[Problem requirements]: Output only the lines that run from the line holding "Suporte para Talheres" to the end of the data below, including both ends, without any pictures.

Supplied records: Begin

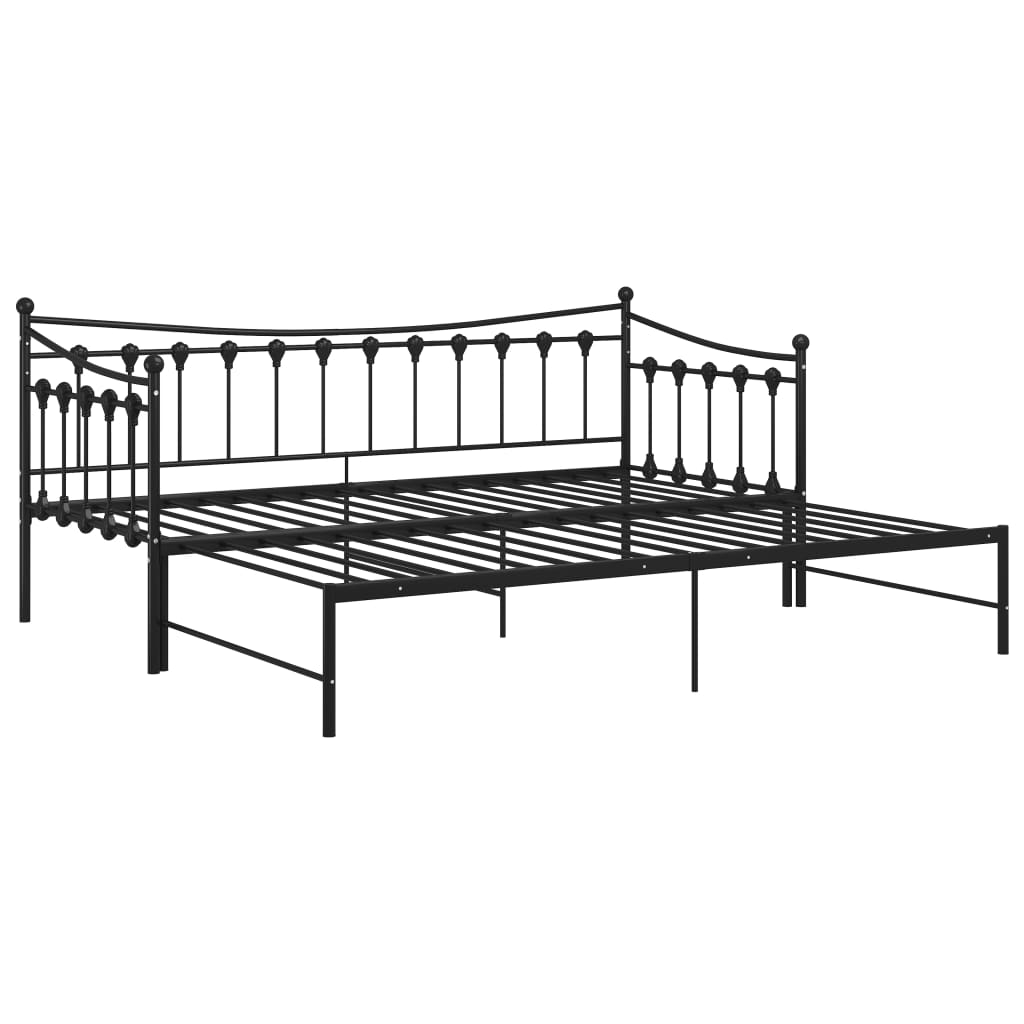 Extendable Sofa Bed Frame Without Mattress Black Metal 90x200cm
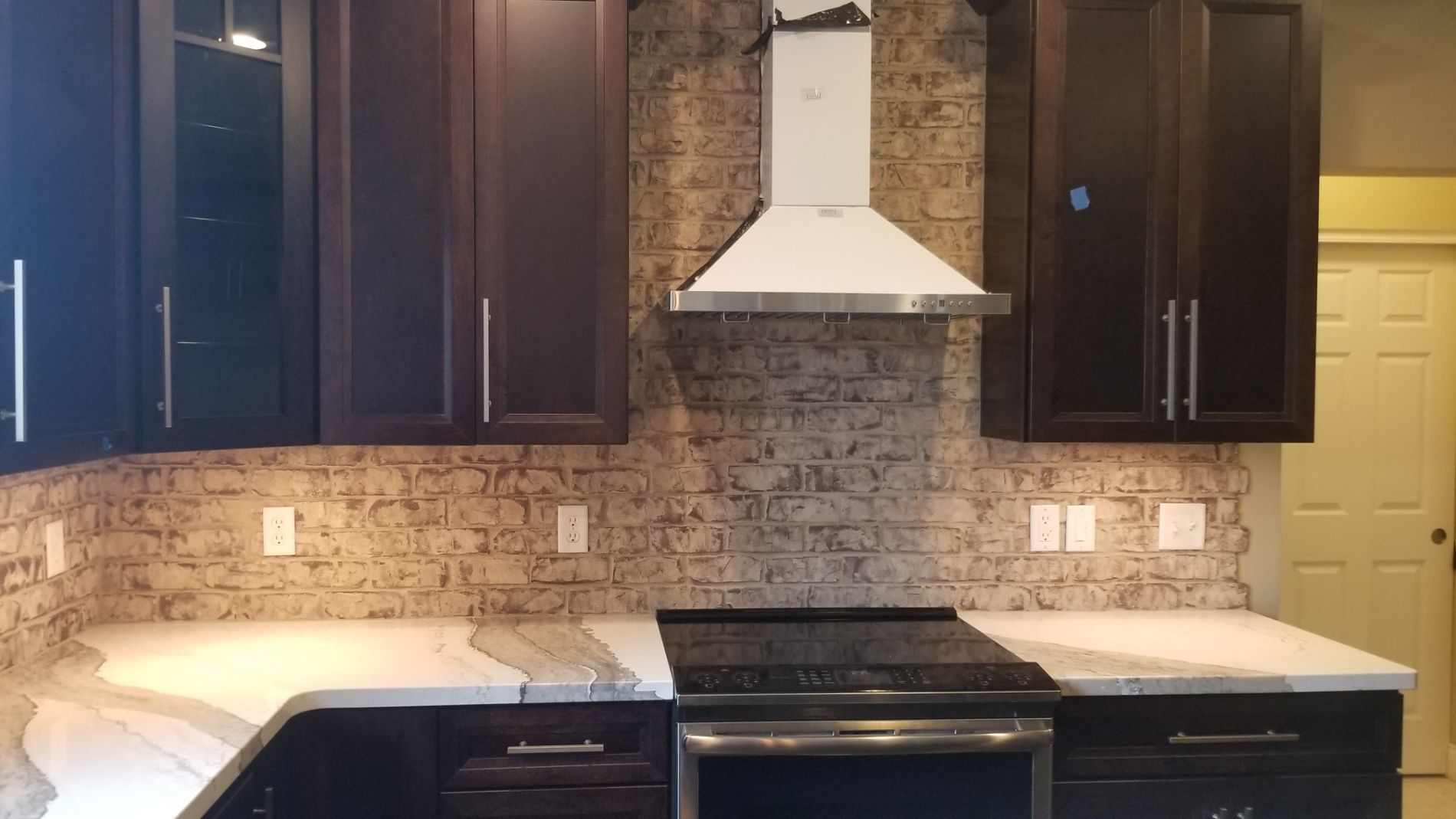 Contractor installing kitchen counter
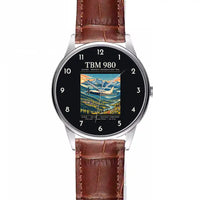 Thumbnail for Daher TBM 980 - Poster - Leather Strap - Striped Brown Leather Strap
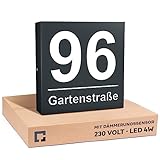 Hausnummer Beleuchtet Led 30x30cm 230V Strom Große aus Aluminium mit Gravur Straßenname...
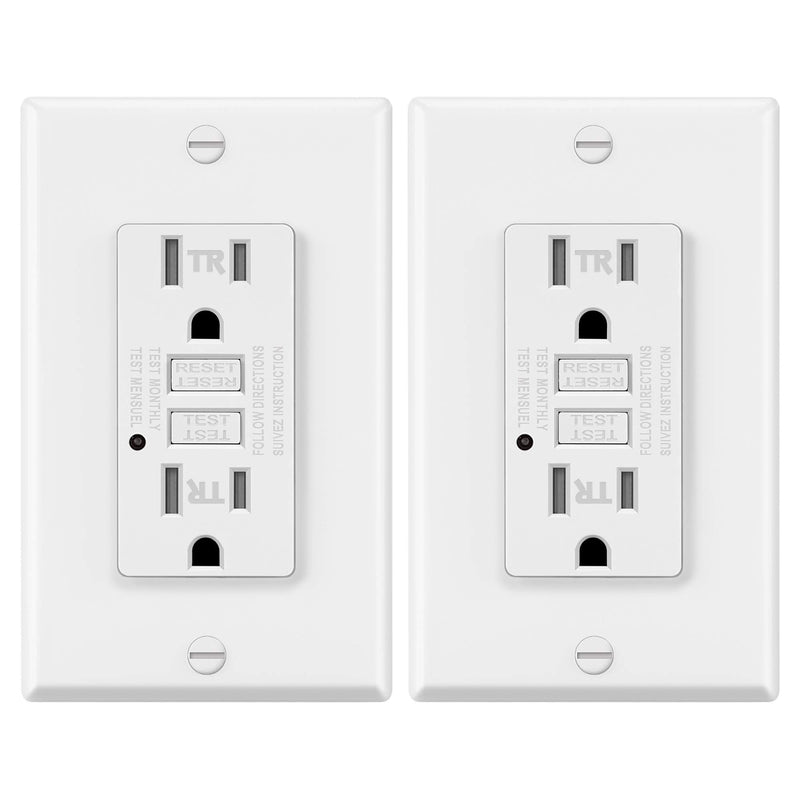 [Australia - AusPower] - 2 Pack - ELECTECK 15A/125V Tamper Resistant GFCI Outlet, Duplex GFI Receptacle with LED Indicator, Residential and Commercial Grade, ETL Certified, White White Button 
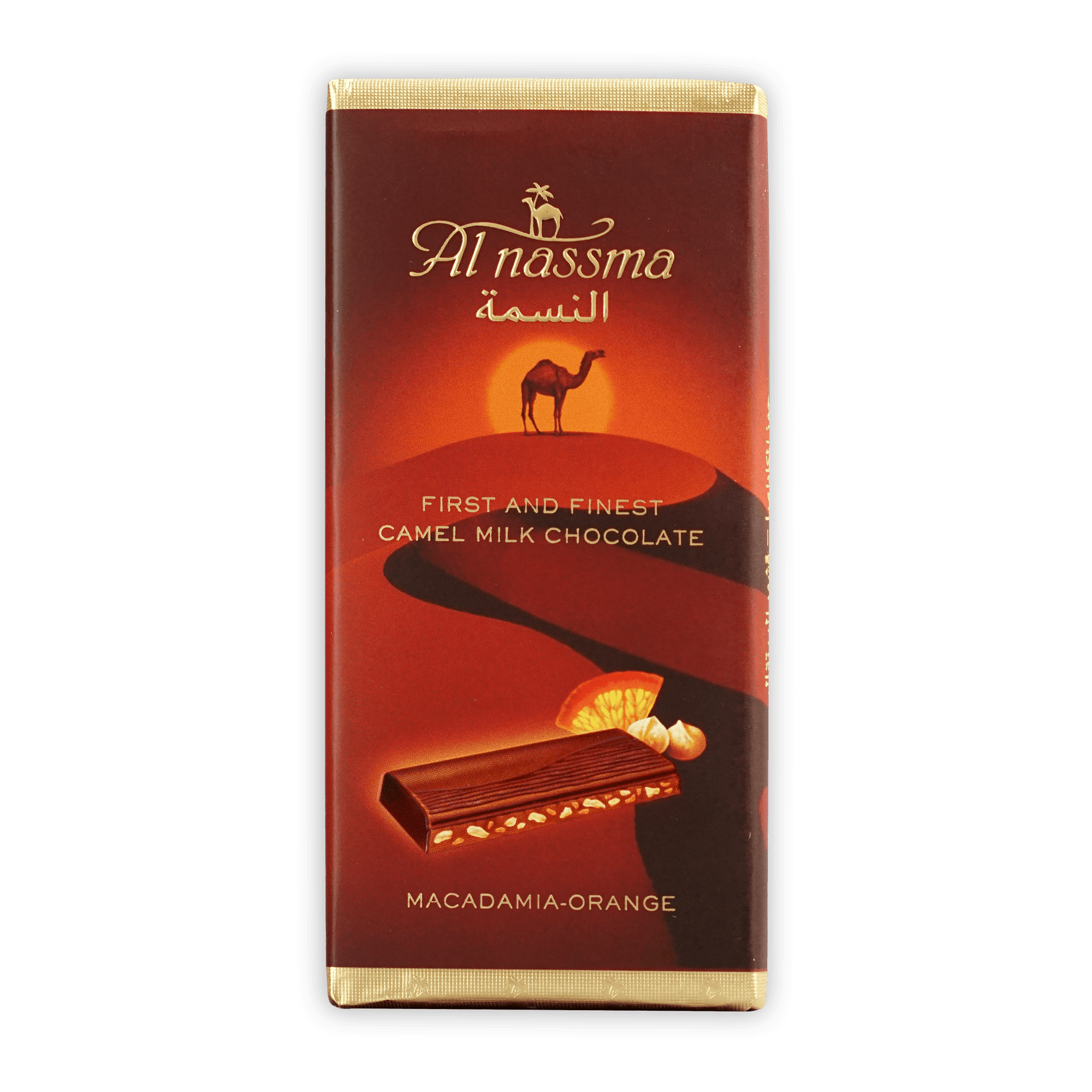 Al Nassma camel milk chocolate bar with macadamia orange flavor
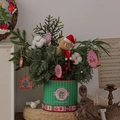 Christmas tree tabletop decor featuring a plush bear, red berries and cotton balls - Bear Nobellis Pine Cotton Tree Bucket (With LED String)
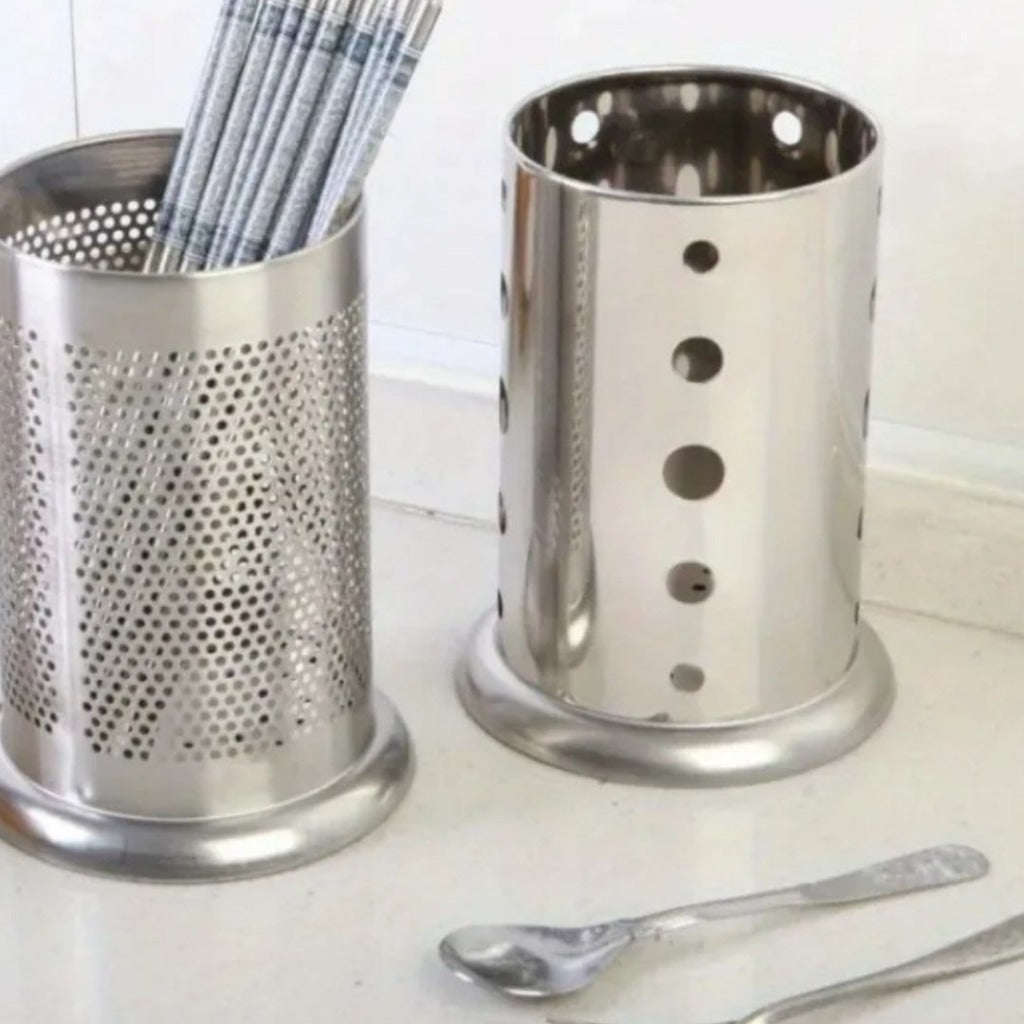 Suporte para Talheres em Aço Inoxidável, Porta Talheres com Dreno | Home Gaju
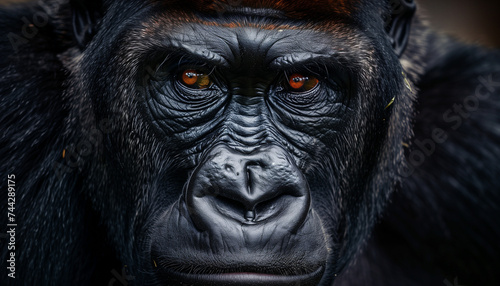 The close-up portrait of a gorilla shows its deep  intense eyes and the detailed texture of its dark fur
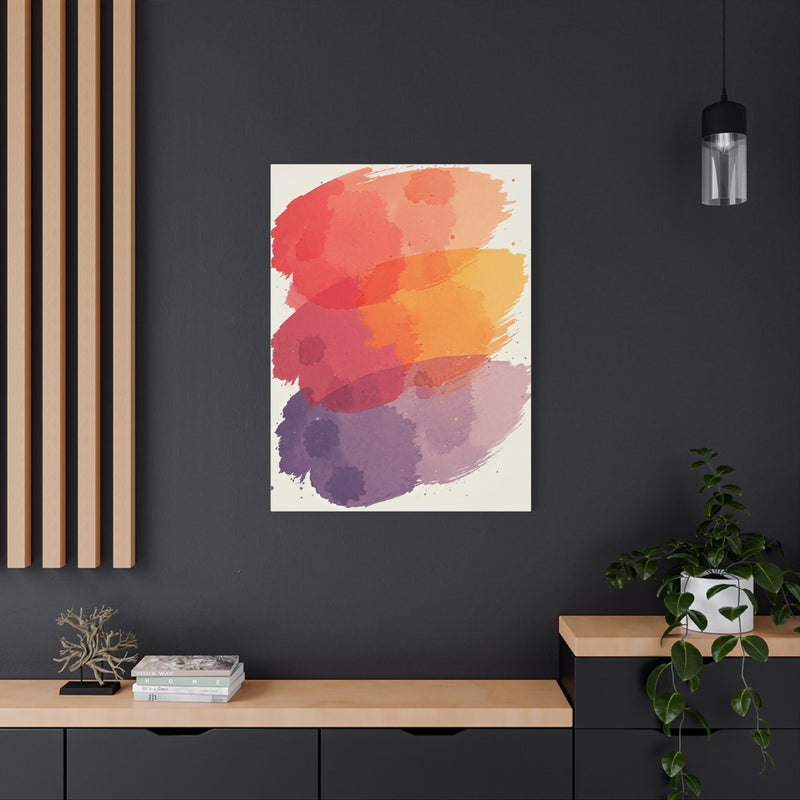 Canvas Wall Art - Abstract Watercolor Brushstrokes "Sunset Harmony"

Supplied records: End

[Answer space]:
 Suporte para Talheres em Aço Inoxidável, Porta Talheres com Dreno | Home Gaju
 The close-up portrait of a gorilla shows its deep  intense eyes and the detailed texture of its dark fur
 Canvas Wall Art - Abstract Watercolor Brushstrokes "Sunset Harmony"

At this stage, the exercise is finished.